EAST RUTHERFORD, N.J. — Massachusetts sophomore Carmelo Travieso began the season as the fourth guard in Coach John Calipari's three-guard rotation.
In the Minutemen's 24-point, season-opening victory over Arkansas, Travieso played only seven minutes after watching Mike Williams, Edgar Padilla and Derek Kellogg play most of the game.
But that was in November, and Travieso's role has changed since then.
When second-seeded UMass (29-4) takes the floor today to play No. 4 Oklahoma State (26-9) in the East Regional championship game at the Meadowlands Arena, Travieso will make his second start of the season and it could not come in a bigger game.
With Williams long gone after being kicked off the team by Calipari for disciplinary reasons and Padilla sidelined with a foot sprain he suffered in UMass' 76-51 victory over Tulsa on Friday night, Travieso's role will be a key against the Cowboys.
"At the beginning of the season, my role was to come off the bench, but our bench has always been the heart of our team," said Travieso, who made three three-point baskets and grabbed six rebounds against Tulsa. "My role will not change much except that I'll play more minutes. I'll still have to provide some outside shooting and play good defense."

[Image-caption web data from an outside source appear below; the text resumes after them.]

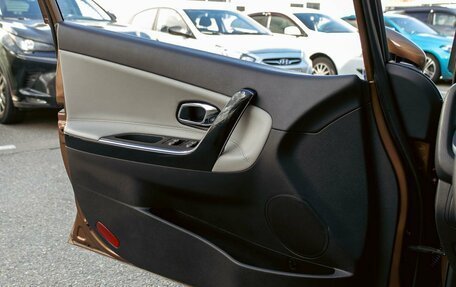 KIA cee'd III, 2016 год, 1 495 000 рублей, 12 фотография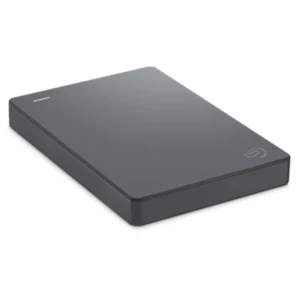 Внешние накопители Seagate Basic STJL4000400 4 ТБ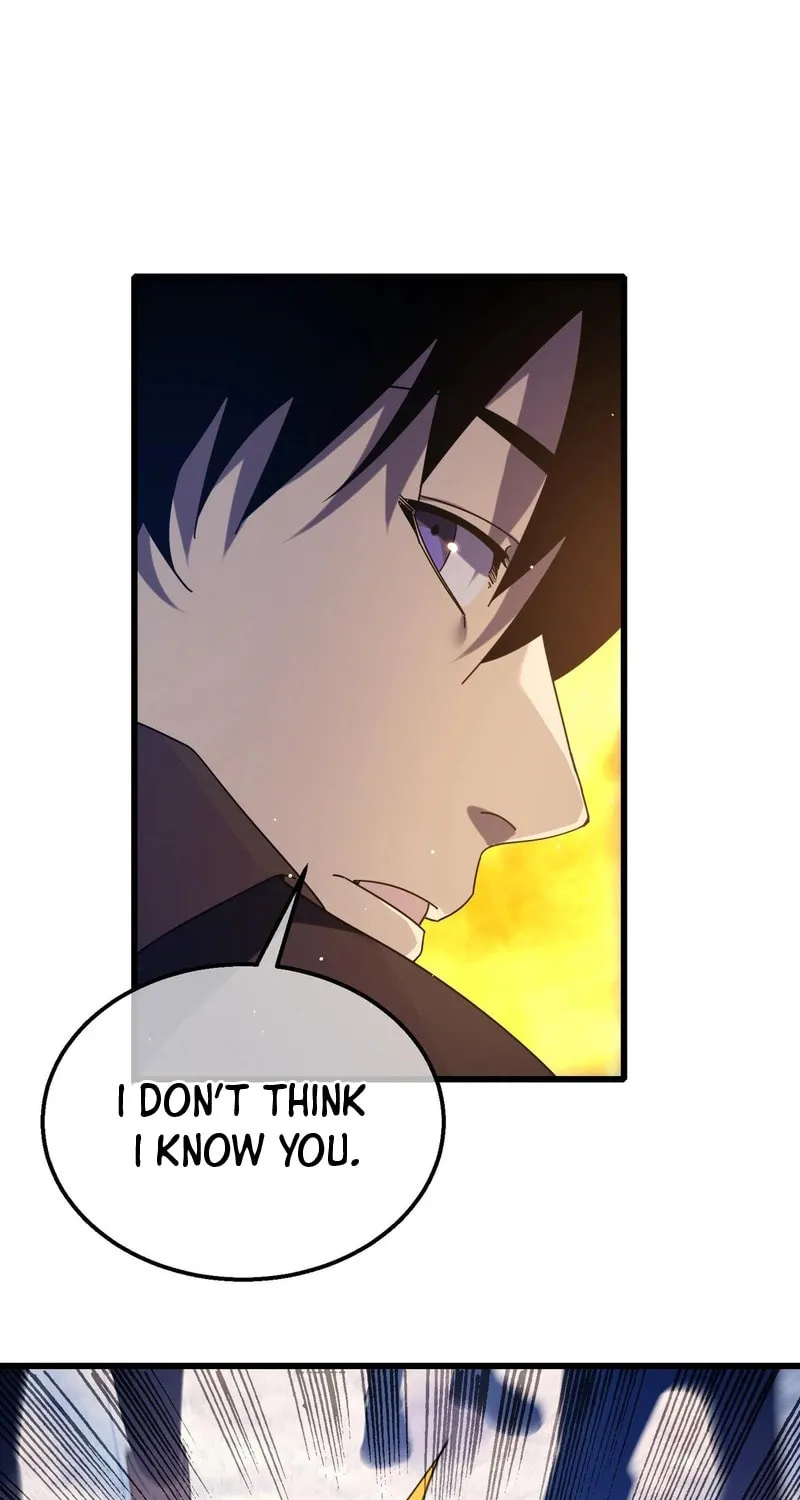 I Rely on My Invincibility to Deal Tons of Damage Passively! Chapter 34 page 78 - 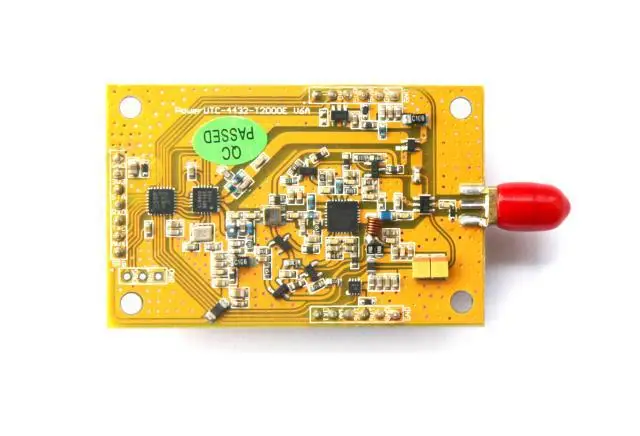 5-8 km extreme distance wireless data transmission module/POWER - 4432 - T2000/50 layer building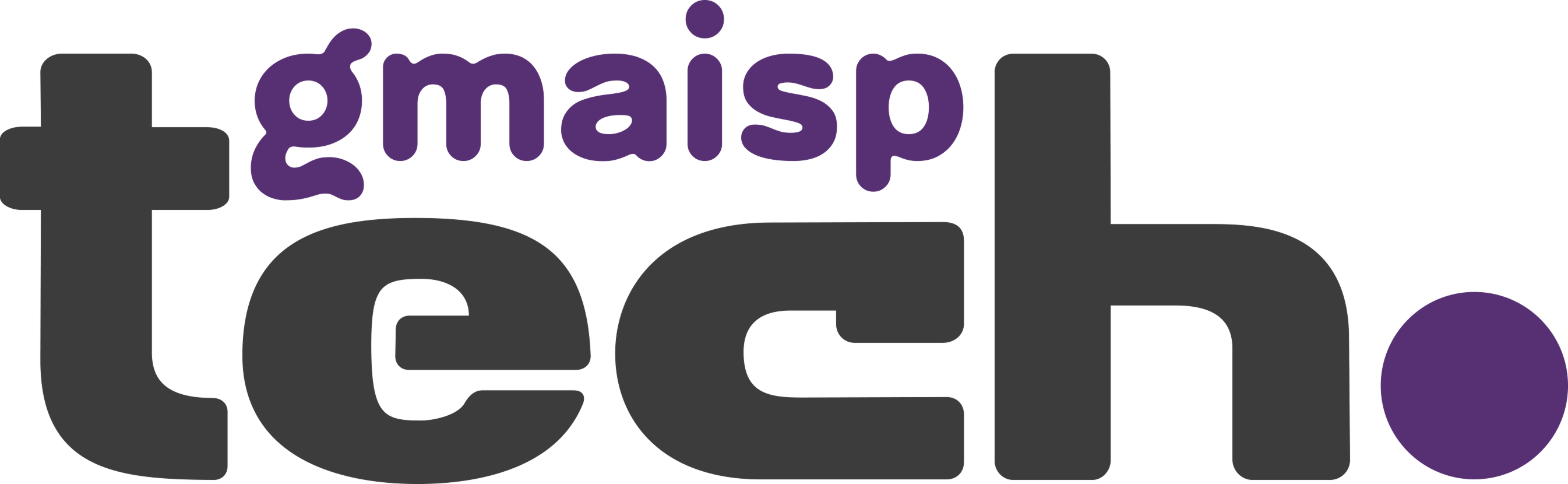 G+P Gerenciamento (Logotipo)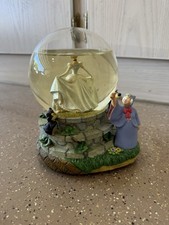 Vintage Walt Disney Store Cinderella 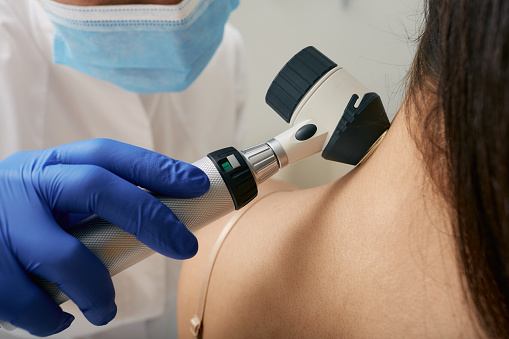 Fundación Mexicana para la Dermatología alista jornada gratuita para detectar dermatitis 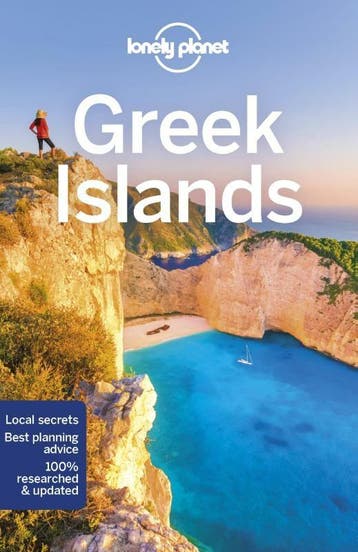 Greek Islands 9781786574473 Korina Miller, Verzenden, Korina Miller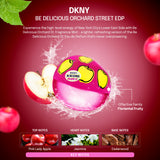 DKNY Be Delicious Orchard Street Eau de Parfum 100ml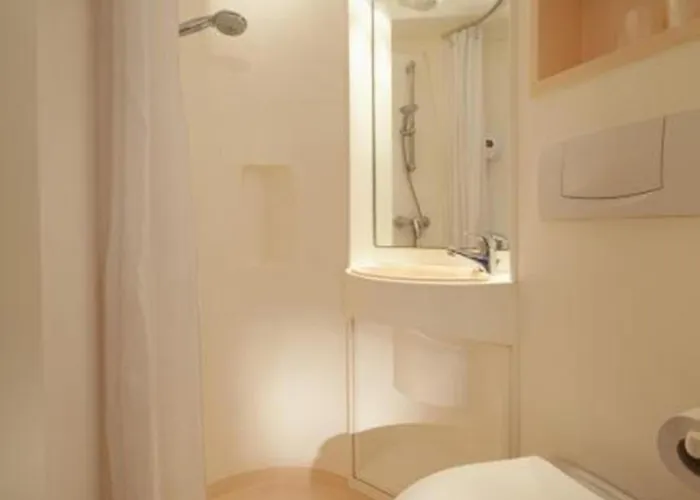 Hotel Premiere Classe Dunkerque Loon-Plage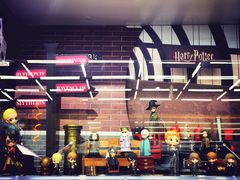 -泡泡玛特POPMART(合生汇店)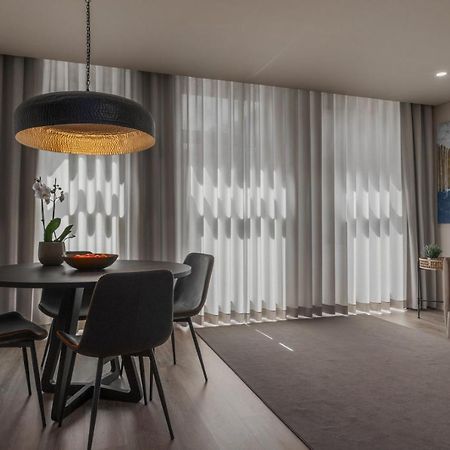 Urban Luxury Apartment, Downtown Porto Near Metro Exterior foto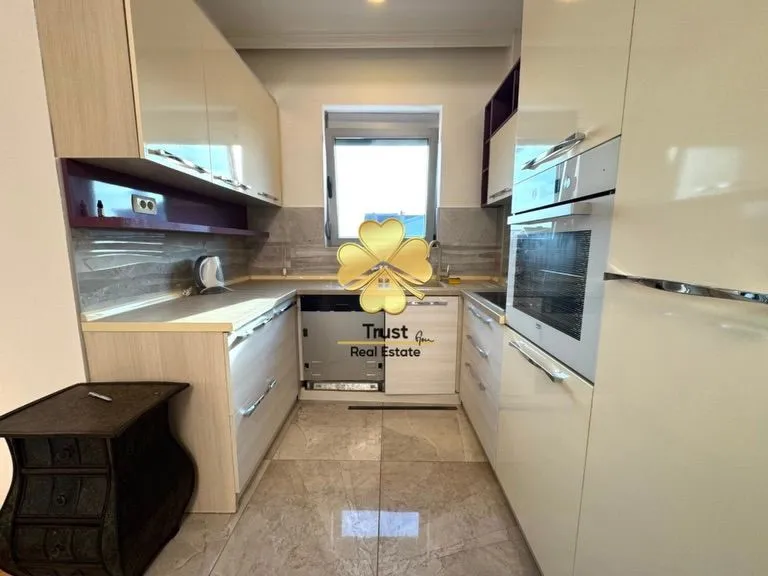 Rent, two bedroom apartment, 75m², Stari Aerodrom, Podgorica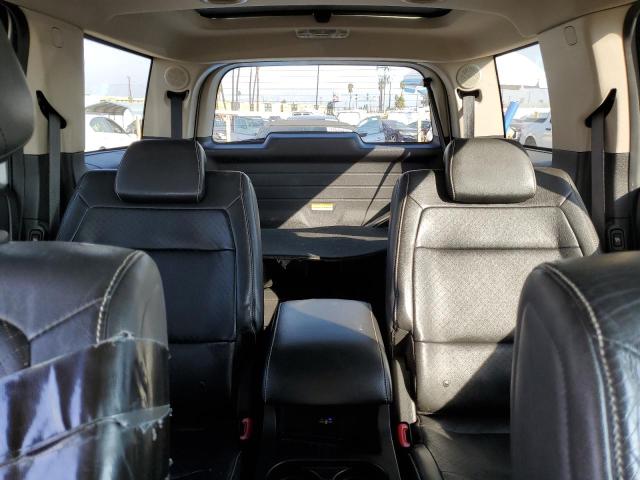 Photo 10 from auction – 2011 FORD FLEX LIMIT with VIN 2FMGK5DC9BBD00854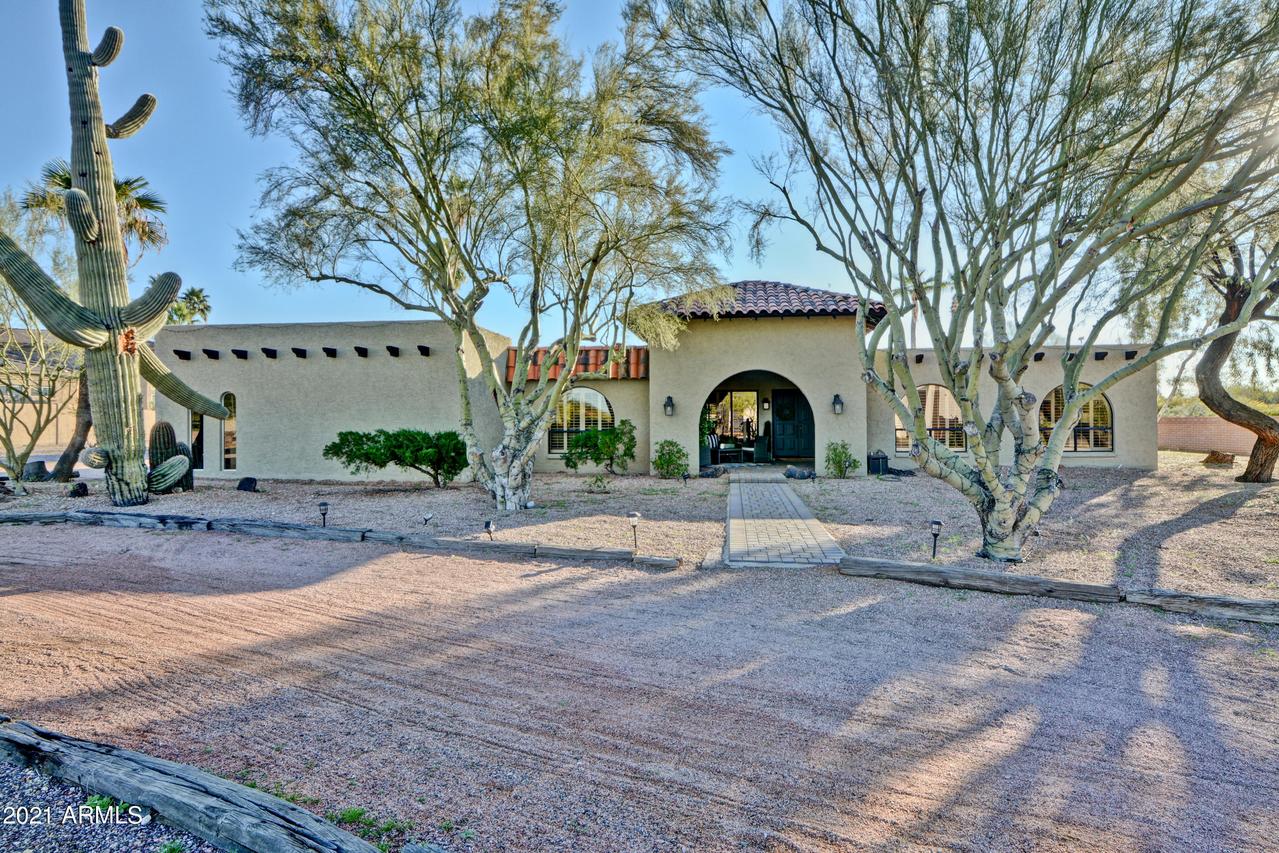 9437 N 122nd Pl., Scottsdale, AZ 85259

At 6 feet 2, 175 pounds, Travieso is the Minutemen's most physical guard. He will be assigned to guard Oklahoma State's high-scoring swingman Randy Rutherford, who had 23 points and 11 rebounds in the Cowboys' 71-66 victory over Wake Forest on Friday.
Rutherford, a 6-3 senior, is averaging 19.7 points and 6.3 rebounds and with 138 three-point shots--third-highest in NCAA history in a season--provides Oklahoma State with the outside punch to complement the inside force of Bryant (Big Country) Reeves, the Cowboys' 7-foot center.
Travieso will not only have to keep Rutherford from getting open outside shots on transition, but he also will have to contend with chasing Rutherford around the huge picks set by Reeves.
In three tournament games, opposing guards have made only 32.4% of their shots against the Minutemen. Tulsa's backcourt made only eight of 34 shots against UMass, including a six-for-16 effort from Shea Seals.
To stop Reeves, UMass will rely on the combination of senior Lou Roe and sophomore Marcus Camby, who had 20 points, nine rebounds and five blocked shots against Tulsa.
"I know that they will try to be physical against us, but I will try to use my quickness to get an advantage," Camby said. "Like I did against Tulsa."
Roe has a different perspective in guarding Reeves.
"He's such a big boy that you really can't try to muscle him," Roe said. "Hopefully, I won't have to cover him too much, but if he catches the ball close enough to the basket and I'm on him . . . that's when I'll get a little scared."
UMass has been on a defensive roll. The Minutemen have not allowed an opponent to score more than 57 points in their last 10 games and in the tournament have kept opponents to 33.1% shooting while averaging 9.7 steals.
"Playing aggressive defense has been our staple all season and we are not about to change now," said Kellogg, whose assist-to-turnover ratio in the tournament is four-to-one. "Getting into foul trouble is not something we worry about. We may have lost some players, but we have others who can step up and get the job done on defense."
Other than Rutherford and Reeves, who is averaging 21.4 points and 9.5 rebounds, Oklahoma State does not have many weapons to throw at UMass. So, don't look for the Cowboys to alter their style.
"We're going to use our same game plan and that is for Rutherford to come off screens and for us to move the ball around," Oklahoma State Coach Eddie Sutton said. "Rutherford has seen every defense imaginable this season from a triangle and two and a box and one to even triple teams. But against UMass, we may need some extra players to step forward and play big."